▸ PROBLEM REQUIREMENTS
Since the pictures are not wanted, copy only the text of every record exactly.
┏━━
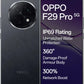 OPPO F29 Pro 5G (12GB RAM, 256GB) - Granite Black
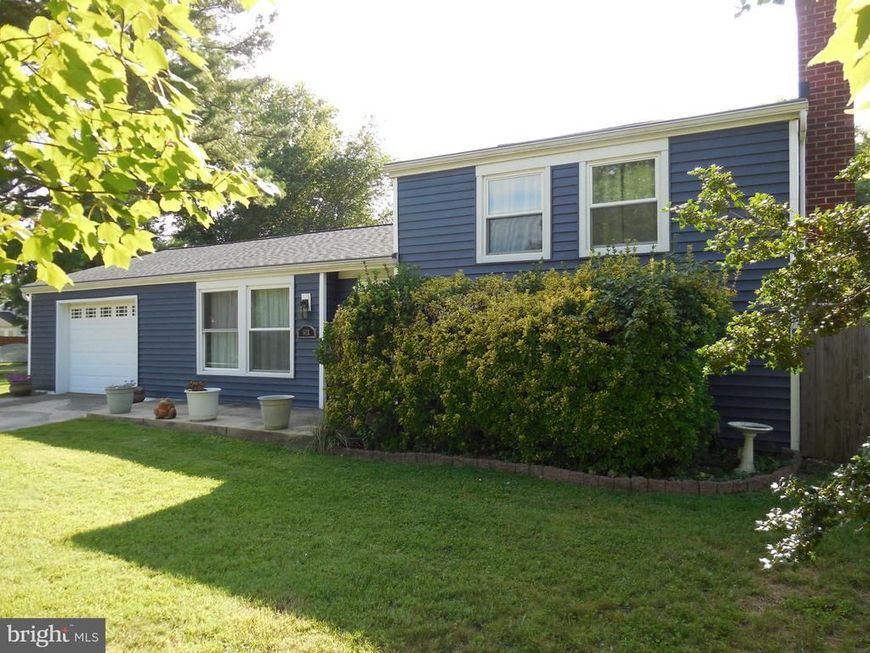 603 Monterey Court , Joppa, MD 21085 Main Photo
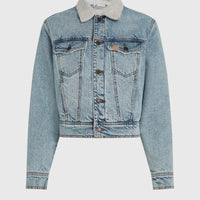 O'Riginals Jeansjacke | Denim Blue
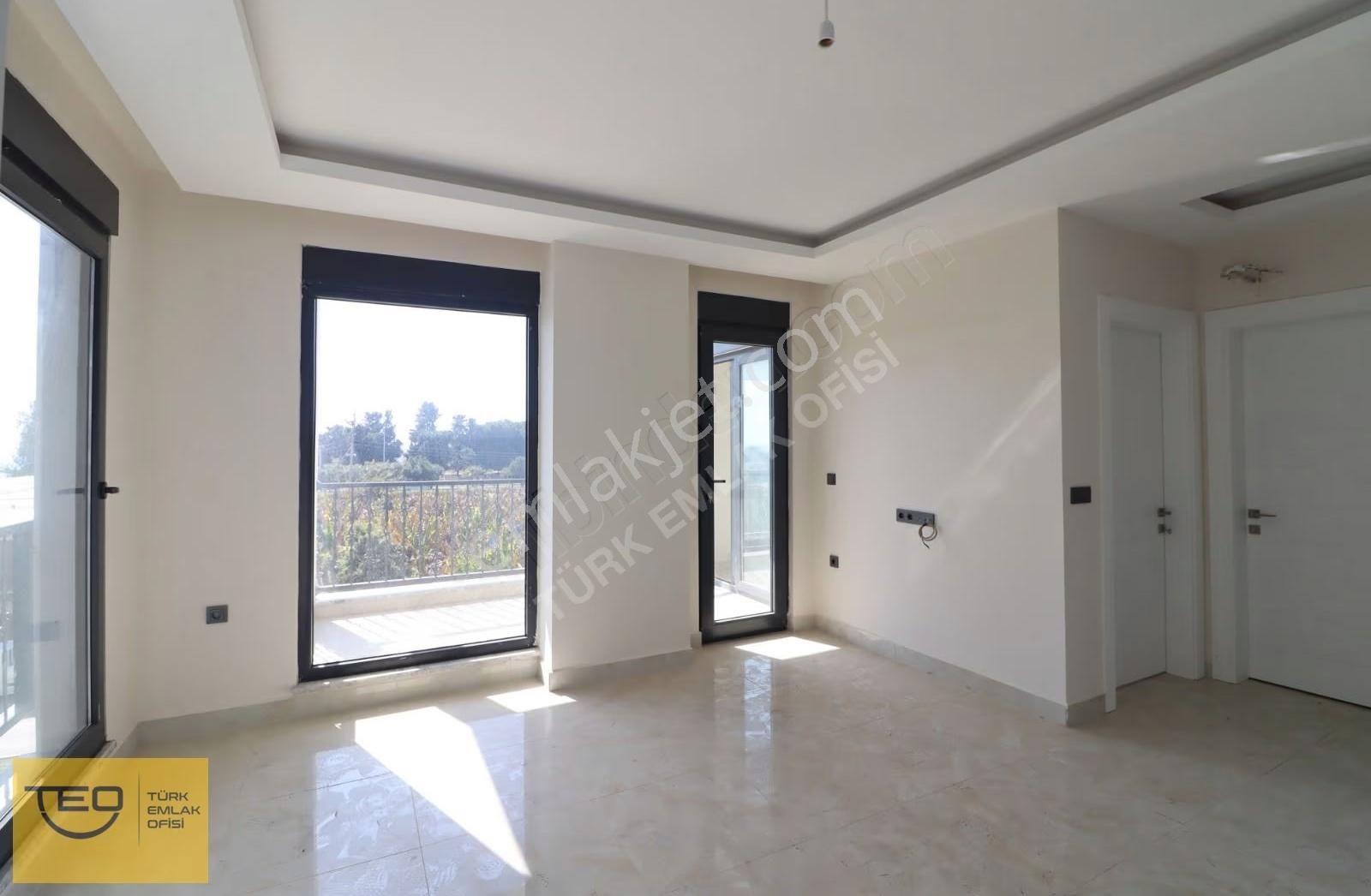 Türk Emlak'tan Kargıcakta 0 Daire - Görsel 23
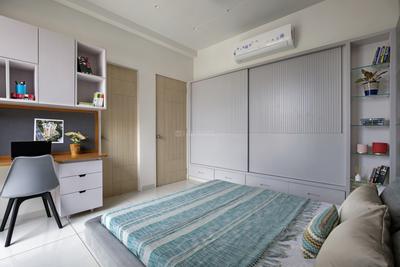 Project Image of 1119.0 - 2759.0 Sq.ft 3 BHK Apartment for buy in Serene Signatures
┗━━
▸ PROBLEM SOLUTION
 OPPO F29 Pro 5G (12GB RAM, 256GB) - Granite Black
 603 Monterey Court , Joppa, MD 21085 Main Photo
 O'Riginals Jeansjacke | Denim Blue
 Türk Emlak'tan Kargıcakta 0 Daire - Görsel 23
 Project Image of 1119.0 - 2759.0 Sq.ft 3 BHK Apartment for buy in Serene Signatures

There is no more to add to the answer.